### THE DATA
+ + + + +

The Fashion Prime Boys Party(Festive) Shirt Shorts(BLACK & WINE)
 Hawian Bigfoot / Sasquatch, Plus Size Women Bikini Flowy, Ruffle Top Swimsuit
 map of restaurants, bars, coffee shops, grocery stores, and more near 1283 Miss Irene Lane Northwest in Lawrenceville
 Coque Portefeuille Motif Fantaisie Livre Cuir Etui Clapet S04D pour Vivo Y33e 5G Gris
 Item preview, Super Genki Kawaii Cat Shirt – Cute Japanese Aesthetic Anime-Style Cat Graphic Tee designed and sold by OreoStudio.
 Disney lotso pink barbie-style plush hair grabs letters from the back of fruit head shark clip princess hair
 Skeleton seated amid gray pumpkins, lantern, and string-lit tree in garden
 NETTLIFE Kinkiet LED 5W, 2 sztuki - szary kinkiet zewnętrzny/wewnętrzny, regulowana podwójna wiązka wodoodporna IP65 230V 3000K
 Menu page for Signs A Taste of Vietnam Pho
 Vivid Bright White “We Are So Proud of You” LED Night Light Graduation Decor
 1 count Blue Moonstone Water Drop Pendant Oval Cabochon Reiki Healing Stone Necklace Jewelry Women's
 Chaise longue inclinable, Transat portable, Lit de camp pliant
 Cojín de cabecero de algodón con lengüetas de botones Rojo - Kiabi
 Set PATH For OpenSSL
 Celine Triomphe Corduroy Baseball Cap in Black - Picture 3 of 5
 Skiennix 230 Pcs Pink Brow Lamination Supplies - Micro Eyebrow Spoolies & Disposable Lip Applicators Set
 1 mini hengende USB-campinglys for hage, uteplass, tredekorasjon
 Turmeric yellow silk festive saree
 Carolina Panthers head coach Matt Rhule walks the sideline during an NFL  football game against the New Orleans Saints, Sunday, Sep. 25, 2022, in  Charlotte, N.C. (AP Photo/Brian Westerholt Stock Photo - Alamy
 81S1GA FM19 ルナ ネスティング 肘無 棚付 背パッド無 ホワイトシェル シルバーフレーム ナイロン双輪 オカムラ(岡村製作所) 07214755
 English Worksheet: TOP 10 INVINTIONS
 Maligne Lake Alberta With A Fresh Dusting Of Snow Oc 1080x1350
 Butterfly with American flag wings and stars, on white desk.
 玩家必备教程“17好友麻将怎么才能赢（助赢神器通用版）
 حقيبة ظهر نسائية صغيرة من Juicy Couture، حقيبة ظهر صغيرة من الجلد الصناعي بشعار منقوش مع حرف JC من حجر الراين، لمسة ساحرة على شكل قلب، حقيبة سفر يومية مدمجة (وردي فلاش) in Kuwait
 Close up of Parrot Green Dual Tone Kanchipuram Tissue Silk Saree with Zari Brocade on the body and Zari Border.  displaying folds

+ + + + +

### WHAT THE EXERCISE ASKS
Find the lines above that contain the word "Shirt" and collect them.

### YOUR SOLUTION
The Fashion Prime Boys Party(Festive) Shirt Shorts(BLACK & WINE)
 Item preview, Super Genki Kawaii Cat Shirt – Cute Japanese Aesthetic Anime-Style Cat Graphic Tee designed and sold by OreoStudio.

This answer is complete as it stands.